Prevenire l’infarto con un antinfiammatorio

Tenere sotto controllo il colesterolo è importante. Ma anche l'infiammazione gioca un ruolo decisivo
redazione

È la mossa vincente con cui si chiude una partita iniziata più di vent’anni fa. Così Paul M. Ridker, direttore  del Center for Cardiovascular Disease Prevention del Brigham and Women's Hospital di Boston, commenta i risultati dello studio che finalmente dimostrano che farmaci antinfiammatori hanno la capacità di prevenire l’infarto. Il sospetto che le infiammazioni fossero associate a un maggiore rischio di arresto cardiaco è nato tempo fa da una semplice osservazione: «La metà dei casi di infarto - dice Ridker - riguarda persone che non hanno un colesterolo alto». 

Il nuovo studio, presentato al convegno dell’European Society of Cardiology (Esc), contiene importanti novità. La salute del cuore non dipende solo dall’Ldl, il colesterolo cattivo da anni sul banco degli imputati, ma anche dallo stato infiammatorio dell’organismo. 

Ed è così che i ricercatori spiegano l’efficacia delle statine nella prevenzione del rischio cardiovascolare: oltre ad abbassare i livelli di colesterolo, i farmaci in questione sono in grado di ridurre i valori della proteina C reattiva (Pcr), il principale indicatore di un’infiammazione in corso. 

Ma i risultati ottenuti questa volta hanno poco a che vedere con la capacità di ridurre il colesterolo. Lo studio (definito Cantos Trial 2) nasce con lo scopo di osservare se l’assunzione di un antinfiammatorio nei pazienti che hanno già avuto un infarto riduce il rischio di un secondo episodio.

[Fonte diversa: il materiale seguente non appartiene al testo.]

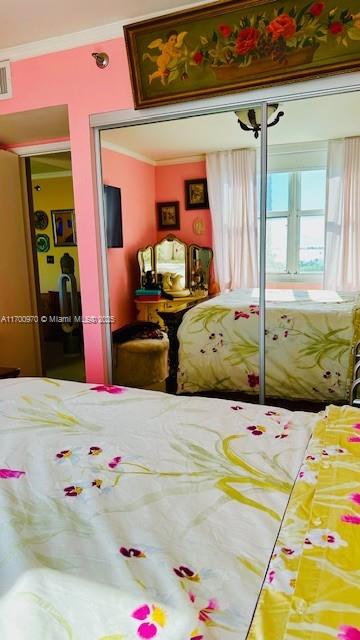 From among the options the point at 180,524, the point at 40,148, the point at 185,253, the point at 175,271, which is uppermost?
the point at 40,148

Il farmaco in questione è il canakinumab, un anticorpo monoclonale contro l’artrite reumatoide e giovanile sviluppato da Novartis. La molecola agisce neutralizzando l’attività dell’ interleuchina-1β, che ha un ruolo chiave in molti processi infiammatori. 

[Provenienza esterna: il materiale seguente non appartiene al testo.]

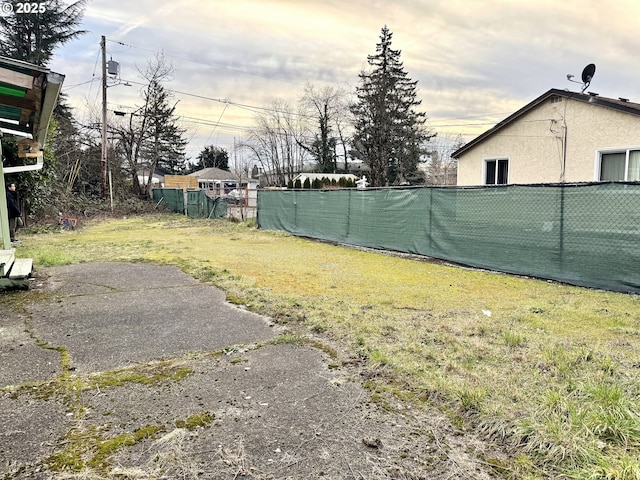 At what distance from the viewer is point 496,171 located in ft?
42.9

I ricercatori hanno reclutato circa 10 mila pazienti con due requisiti in comune: tutti avevano avuto un attacco di cuore e tutti mostravano livelli elevati di Pcr. Ognuno di loro è stato sottoposto al classico “bombardamento” terapeutico con statine per abbassare i livelli di colesterolo. Alcuni pazienti, in maniera casuale, hanno ricevuto in aggiunta al trattamento standard tre dosi diverse di canakinumab, da 50, 150 o 300 mg somministrate con iniezioni sottocutanee una volta ogni tre mesi. Il gruppo di controllo invece ha assunto un placebo al posto dell’antinfiammatorio. Il periodo di osservazione è durato quattro anni. 

I risultati dimostrano la capacità dell’antinfiammatorio di prevenire il secondo infarto. Canakinumab, nelle dosi di 150 o 300 mg,  riduce il rischio dell’evento cardiovascolare rispettivamente del 15 per cento e del 14 per cento. È un dato modesto ma significativo. 

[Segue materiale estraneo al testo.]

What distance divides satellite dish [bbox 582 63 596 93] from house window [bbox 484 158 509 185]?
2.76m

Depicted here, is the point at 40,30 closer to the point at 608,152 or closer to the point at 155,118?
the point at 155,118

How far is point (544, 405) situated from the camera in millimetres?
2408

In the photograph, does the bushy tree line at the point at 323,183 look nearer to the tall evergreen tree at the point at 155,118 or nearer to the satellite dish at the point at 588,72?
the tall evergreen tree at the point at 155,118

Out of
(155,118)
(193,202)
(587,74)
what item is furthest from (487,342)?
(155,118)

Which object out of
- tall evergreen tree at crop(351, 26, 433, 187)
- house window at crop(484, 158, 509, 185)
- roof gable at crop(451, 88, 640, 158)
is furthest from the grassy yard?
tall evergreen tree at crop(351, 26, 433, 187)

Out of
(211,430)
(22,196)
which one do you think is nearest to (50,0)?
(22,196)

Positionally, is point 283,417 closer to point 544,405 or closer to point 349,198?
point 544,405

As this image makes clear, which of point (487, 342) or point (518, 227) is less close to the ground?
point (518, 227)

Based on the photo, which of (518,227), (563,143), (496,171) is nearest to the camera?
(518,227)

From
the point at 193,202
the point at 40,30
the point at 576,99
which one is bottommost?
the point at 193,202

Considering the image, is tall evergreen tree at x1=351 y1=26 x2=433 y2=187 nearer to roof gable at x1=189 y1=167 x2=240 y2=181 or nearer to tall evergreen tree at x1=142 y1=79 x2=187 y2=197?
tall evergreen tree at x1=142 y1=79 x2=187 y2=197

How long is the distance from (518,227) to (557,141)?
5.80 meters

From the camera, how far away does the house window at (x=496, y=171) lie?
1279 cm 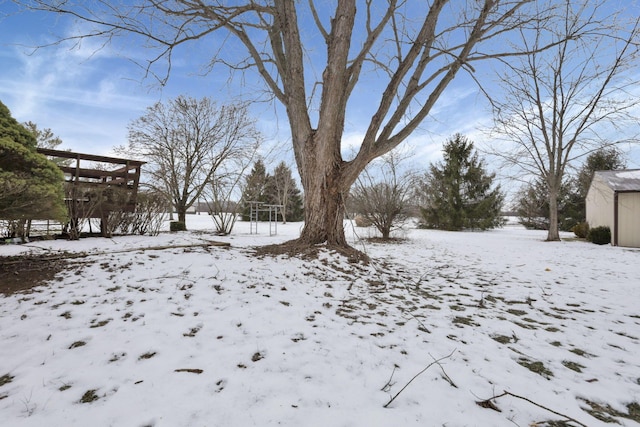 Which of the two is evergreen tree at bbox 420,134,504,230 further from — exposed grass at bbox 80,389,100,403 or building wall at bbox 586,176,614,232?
exposed grass at bbox 80,389,100,403

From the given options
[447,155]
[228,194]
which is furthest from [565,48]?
[228,194]

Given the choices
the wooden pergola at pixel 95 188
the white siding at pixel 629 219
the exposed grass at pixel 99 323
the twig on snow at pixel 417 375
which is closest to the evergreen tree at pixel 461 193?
the white siding at pixel 629 219

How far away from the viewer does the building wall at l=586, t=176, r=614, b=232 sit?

«Per la prima volta - afferma Ridker -  siamo stati capaci di dimostrare definitivamente che abbassando l’infiammazione indipendentemente dal colesterolo si riduce il rischio cardiovascolare». 

Abbiamo osservato che in pazienti ad alto rischio, un farmaco che riduce l’infiammazione ma non ha alcun effetto sul colesterolo riduce il rischio di un infarto».

Per Ridker siamo entrati nella terza era della prevenzione in cardiologia: la prima ha riconosciuto l’importanza della dieta , dell’attività fisica e i pericoli del fumo, la seconda si è concentrata sul colesterolo cattivo, ora è il momento di riconoscere il ruolo dell’infiammazione.